This terrific tool qualifies as the perfect stocking stuffer for the sewing enthusiast on your list: a seam ripper with a built-in magnifier and light. The Mighty Bright Lighted Seam Ripper comes from the same clever folks who bring us those cool little book lights and wallet magnifier lights. Even if you aren't yet in the, "where the heck are my reading glasses?!" category, ripping out tiny seams or tone-on-tone topstitching is a strain on anyone's eyes and patience. This cool tool is a lifesaver.
When our friends at Moda Fabrics/United Notions brought this seam ripper to our attention, my first reaction was that it reminded me of the detachable magnifier and High Light features on Janome's new Horizon Memory Craft 12000. I think manufacturers and product designers are finally realizing we don't all have the visual acuity of Superman!

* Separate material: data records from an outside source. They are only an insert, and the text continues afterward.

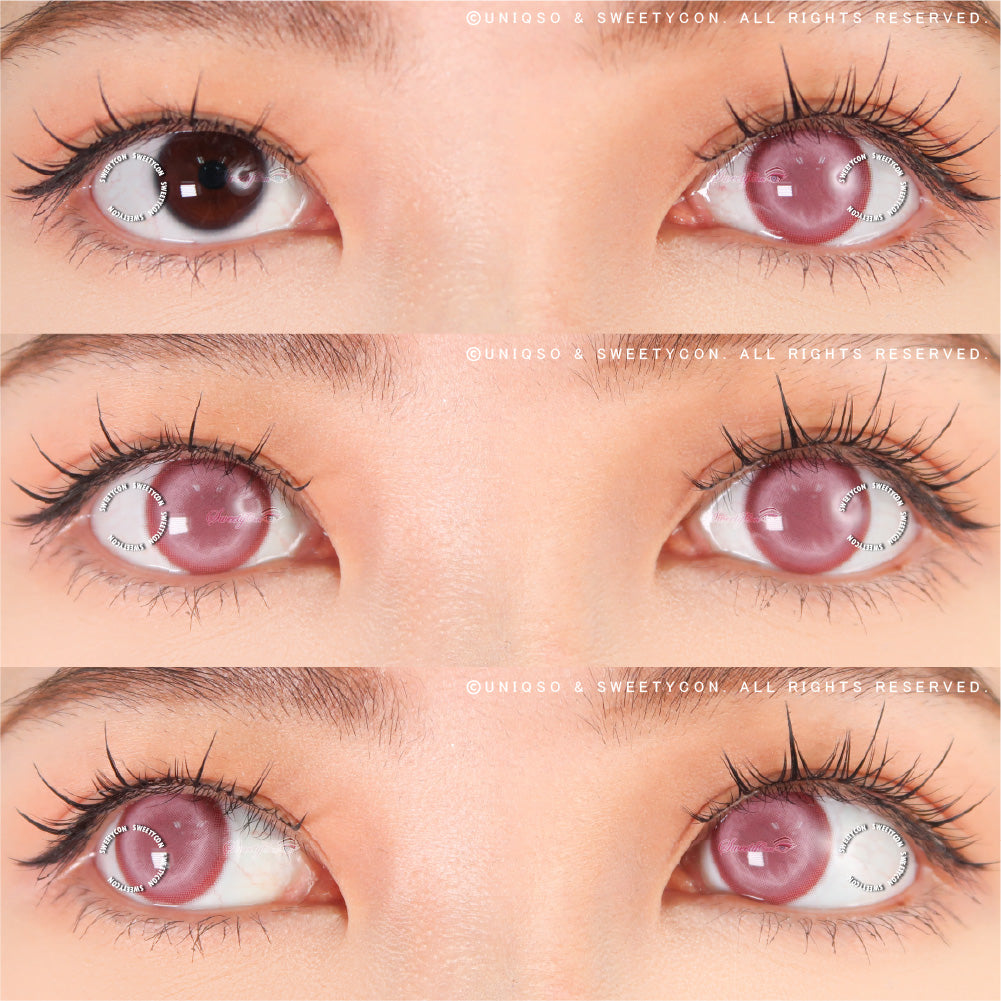 Sweety Glass Ball Pink (1 lens/pack)-Colored Contacts-UNIQSO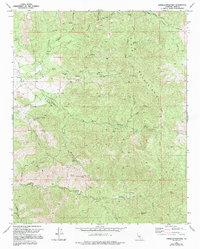 Download a high-resolution, GPS-compatible USGS topo map for Emerald Mountain, CA (1994 edition)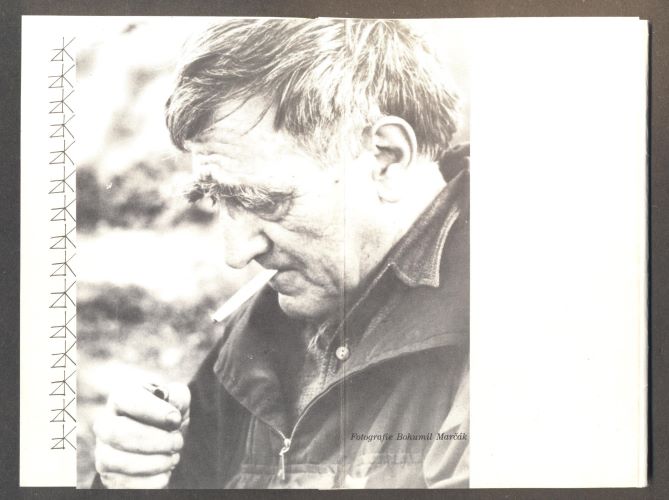 SKÁCEL, JAN: SNÍH, HVĚZDY A POPEL. Dvanáct básní Jana Skácela. - 1989.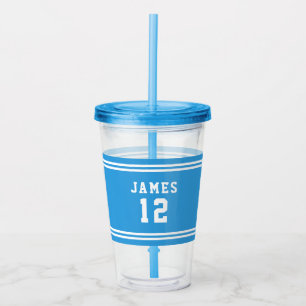 Vaso Acrílico Número Editable del nombre del equipo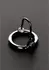 Lock N Load Stainless Steel Glans Ring with Urethral Stopper, Silver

The Mighty Bright Lighted Seam Ripper is small and lightweight with a generous 1¼" diameter lens and a 4x magnifier. It has a comfortable, ergonomic design; you hold it similarly to how you'd hold a pen or marker.
There is a plastic blade guard protecting the seam ripper, which is probably just for packaging purposes, but I think it would be handy to keep around for storage.
It will protect the blade, and if you want to just use the magnifier, you'll be less likely to stab yourself.
The bright white LED is powered by three micro cell batteries, which are included and can be removed and replaced. The LED is stated to last 100,000 hours and the battery life is listed as seven hours. The batteries are protected with a plastic insert. So, you have to open the battery compartment and remove this insert. I always forget about this little safety measure and so was initially disappointed when I thought the light didn't work right out of the package. Duh!
It actually puts out quite a lot of light, 2.5 lumens to be exact.
Here's what it looked like when I turned off my sewing lamp.
The seam ripper itself is on a rotating arm, which I thought was very cool because sometimes you need to be able to twist and turn your seam ripper to get into tricky seams. You can do that with a regular seam ripper, but I was a little worried it would be hard to maintain the position of the magnifier when I had to turn the seam ripper. Nope! Just turn the arm. It's a little hard to see in a picture, but here is the arm in its starting position.
And here it is rotated about 45˚. It actually rotates a full 360˚.
The arm also opens up so you can adjust the distance from the lens. Here it is in the fully closed position... and, fully open.
Now the true test: tone-on-tone topstitching in red.
Wow! The stitches... and my fingernail... look huge.
The close-up detail is nice and sharp with the light on...
And also with the light off.
Finally... I took this picture in my hallway. It could be the lighted seam ripper; it could be an alien spacecraft headed our way.